おじいちゃんがしんだ。

年末、おばあちゃん鶴のひとこえで10数年ぶりに全国から親族が集合した。病気のおじいちゃんを支え続けた久しぶりのおばあちゃんは気のせいか、ひと回り小さくなっていた。

病室に入ると、真っ白なベッドの上には目を開けることも声を発することもままならなくなった、おじいちゃんの姿があった。
わたしはその姿に強烈な『生』を感じた。呼吸も動きも微かで面会時間は約5分、それでもはっきりと生きていると分かる。生きている、死んでいるこの違いは一体なんだろうか、そんなことを考えながら元気だったころよりも少し穏やかになった顔をジッとみつめた。

その2日後に訃報が届いた。

元銀行員で厳格だったおじいちゃん。
口の悪かったおじいちゃん。
娘たち全員に「国立大学にはいりなさい」と告げ実現させたおじいちゃん。
甲子園の対戦表に線を引いていたおじいちゃん。
学生時代の戦争体験を話してくれたおじいちゃん。
結局はとても優しかったおじいちゃん。

親族と顔を合わせると、どうしても血の繋がりを感じる。親・兄弟・従妹たちの中にもおじいちゃんは生きている、当然自分の中にも。この人は1/2おじいちゃん、こっちは1/4おじいちゃん。
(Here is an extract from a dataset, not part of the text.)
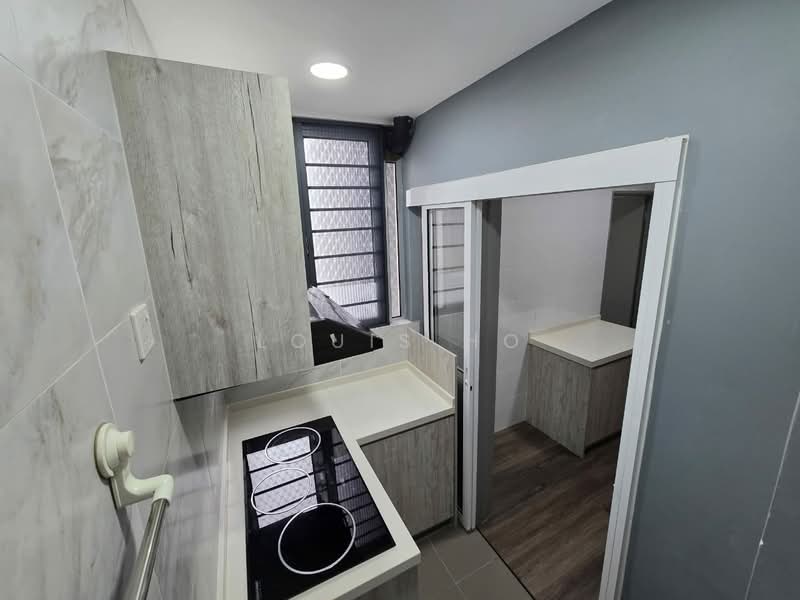 The Edge Residence untuk Untuk Disewa - RM 2,300 /bulan, Apr 2026 - Kitchen - PropertyGuru.com.my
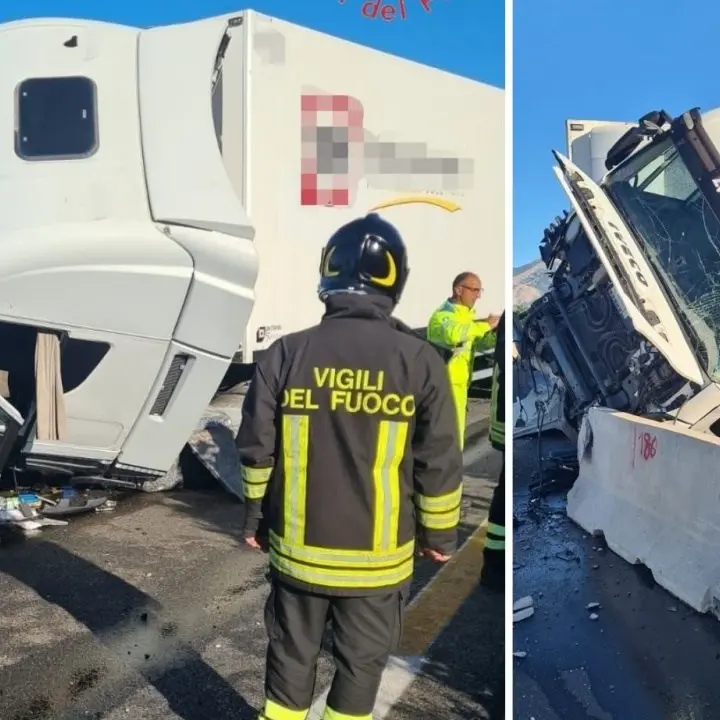 Castrovillari, Tir sbanda in autostrada: autista estratto dall’abitacolo e portato in ospedale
おじいちゃんのどの部分が、どんな風に生きてるのだろう。

おじいちゃんという個体は自然との境界線がなくなった、ただそれだけのことだったんだろう。
みんなに会うための最期の抗いこそあの強烈な生の感覚だったんだろうか、わからない。

帰りしな、両親と檀家制度や葬式の在り方なんかを話した。「私は樹木葬が良いわ」という母の横顔を見ながら、わたしは何を想おう。